Peyami Safa'nın bireyin iç dünyasını esas alan eserlerinden biridir.Mükemmeliyetçi bir dil ve anlatımın hâkim olduğu kitapta yazarın psikoloji ve tıp alanında geniş birikime sahip olduğunu görürüz.
Not: Kitabı Nazım Hikmet Ran 'a ithaf etmiştir.
Dokuzuncu Hariciye Koğuşu otobiyografik özellikler de taşıyan bir romandır.(Kendisinin çocukluğu ve gençliği de kemik hastalığı yüzünden hastanelerde geçmiştir.)

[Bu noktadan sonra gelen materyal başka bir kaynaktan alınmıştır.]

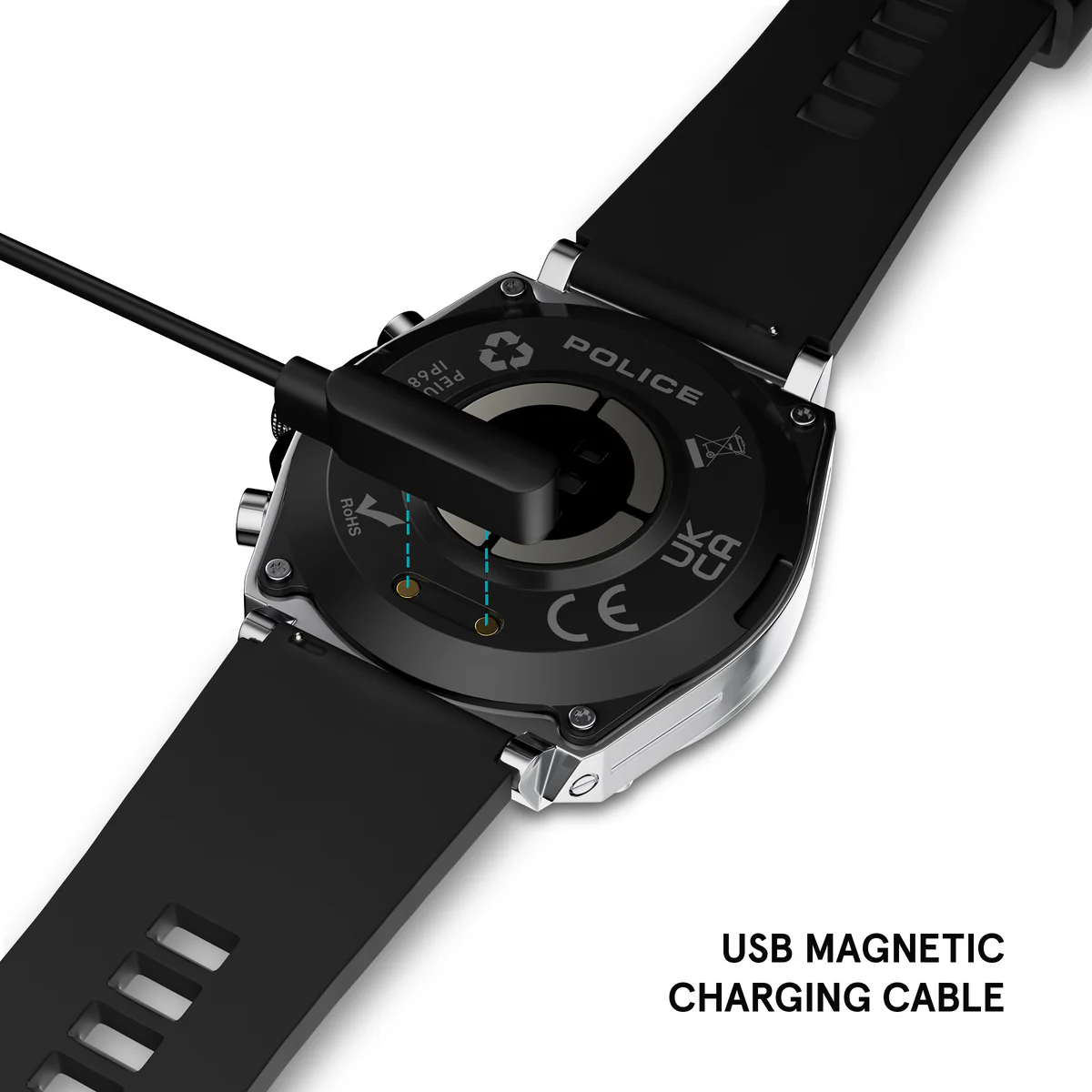 Stainless Steel Case & LED Screen Smart Watch With Rubber Strap - Black - Image 8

Genç bir hastanın psikolojik durumunu çok iyi tahlil etmiştir ve bunu okuyucuya hissettirmiş ki kitabı okurken duygudaşlık kurabildim .
"Hasta olmayanlar bizi ne kadar az anlayacaklar."

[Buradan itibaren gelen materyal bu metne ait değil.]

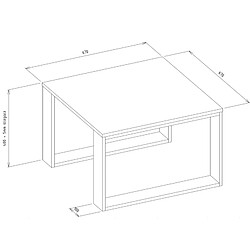 Avis Vivaldi Table Basse Madera Chene Artisan Noir 67 cm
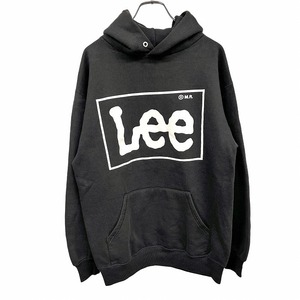 ジャージーズ|リー JERZEES SUPERSWEATS|Lee プルオーバーパーカー スウェット 裏起毛 長袖 USA製 古着 綿×ポリ M ブラック 黒×白 メンズ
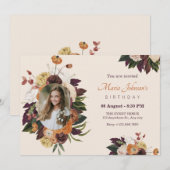 花絵を描生写真誕生日 招待状 (正面/裏面)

"İki hasta kadar birbirine yakın hiç kimse yoktur."
"Büyük bir hastalık geçirmeyenler, her şeyi anladıklarını iddia edemezler."
Bu sözlerle sağlığın en büyük varlık olduğunu ne güzel ve gerçekçi bir bakışla anlatmıştır.

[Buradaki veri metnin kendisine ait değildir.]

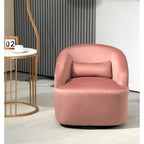 Fauteuil d'appoint pivotant à 360° en velours – 1 place, plusieurs coloris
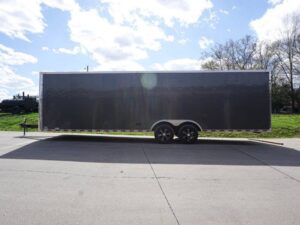 8.5×28 Custom Charcoal Flat Nose Enclosed Trailer (2) 5200 Axles Storage - Image 5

Öte yandan bedeninde çektiği acılar kadar ona ızdırap veren ruhunda hissettiği Nüzhet'in aşk acısı da vardır. Bazen bedenindeki ağrıları ruhundaki sızılara oranla daha sade bulur.
İnsanın manevi acılarını, korkularını, yalnızlığını,azaplarını, ruhsal bunalımlarını kişiyi sarsacak ölçüde iyi işleyen; psikolojik tahlilleri öne çıkaran bir eserdir.